Run the following command to get final pre-calculated library.

 python [path_to_sf-matching]/SearchWithModel/32_SaveSpectrum.py \
     -db [path_to_spectral_library]/molecular_spectra_neg.db \
     -spectra [path_to_temporary_folder] \
     -model [path_to_precalculated_model] \
     -out_file [path_to_spectral_library]/spectra_data_neg.bin \
     -threads [processes_you_have] \
     -ion 0 # 1 for [M+H]+

Example

You can find an example from the file example_for_precalculate_library.sh

Build model from scratch

This is only for advanced user who have a database of in-house spectra that can be used for training the model. You may need some SQL knowledge. To calculate the whole model from scratch, around 10,000 - 200,000 cpu hours are needed, depending on the size of spectral database.

Requirement

Python == 3.6
numpy == 1.16.2
pandas == 0.24.2
rdkit == 2017.09.2
joblib == 0.11
scipy == 1.2.1
scikit-learn == 0.20.3
Cython == 0.29.6

The program is tested in the version showed above, other version may work but haven’t been tested.

Download link

Download the SF-Matching program:

sf-matching_with_example_spectra_library.zip (26MB, md5sum:219453bca296bf781724082db86485de )

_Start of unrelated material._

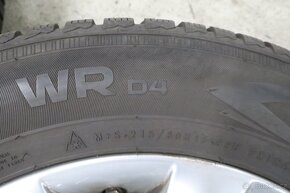 Zimní komplet kola originál pro Mazda CX-3, pneu 215/60 R16 - 7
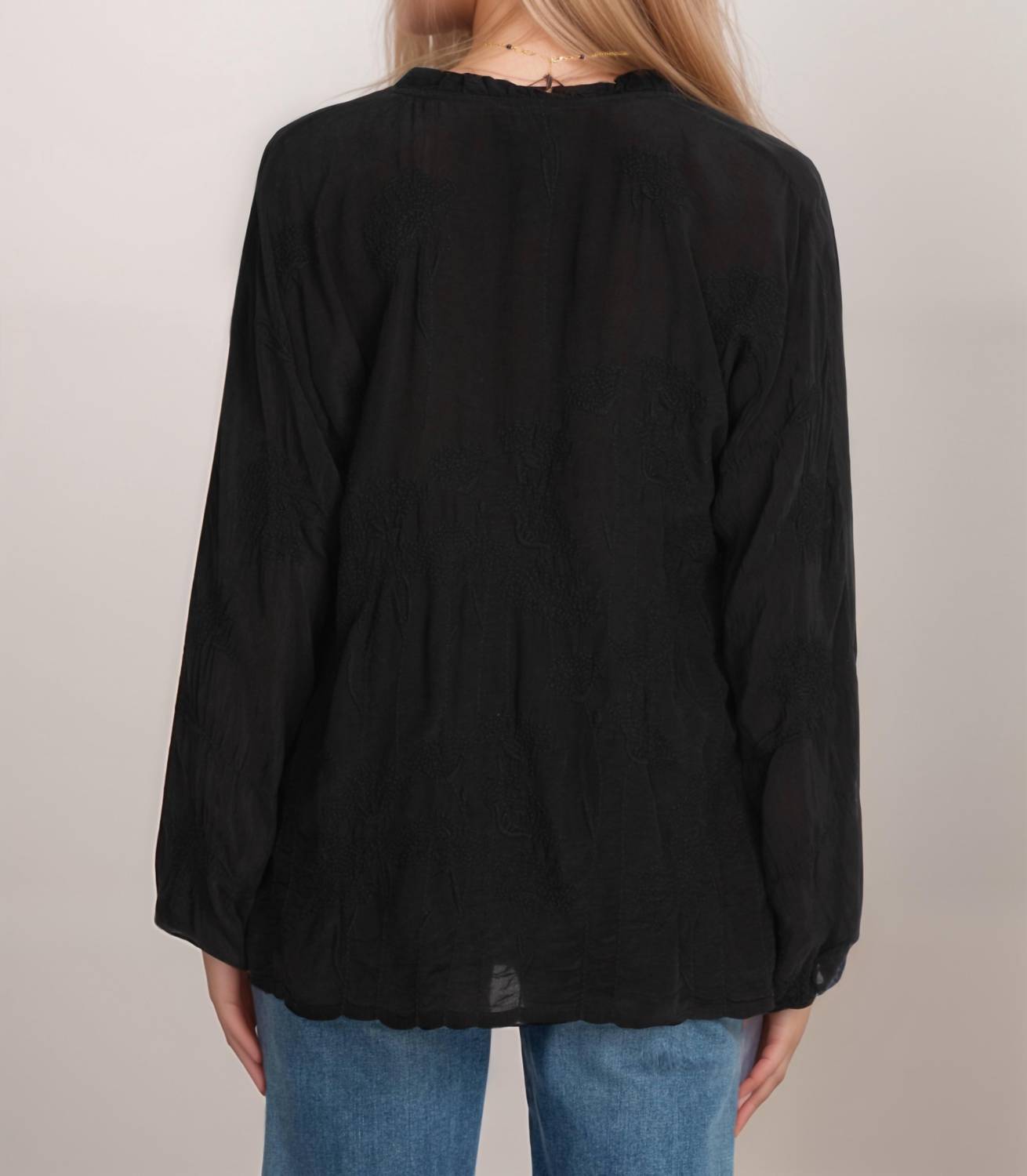 Johnny Was - Daisy Arianda Blouse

The spectral database will be in the folder sf-matching/Data/model/database.

Usage

Download the SF-Matching program with spectral database and unzip it.
Add your own spectral into the spectral database which is located in sf-matching/Data/database/spectral.db.

Compile the cython module with the following command:

 cd [path_to_sf-matching]
 cd SearchWithModel
 python setup.py build_ext --inplace

Follow the example: example_for_build_model.sh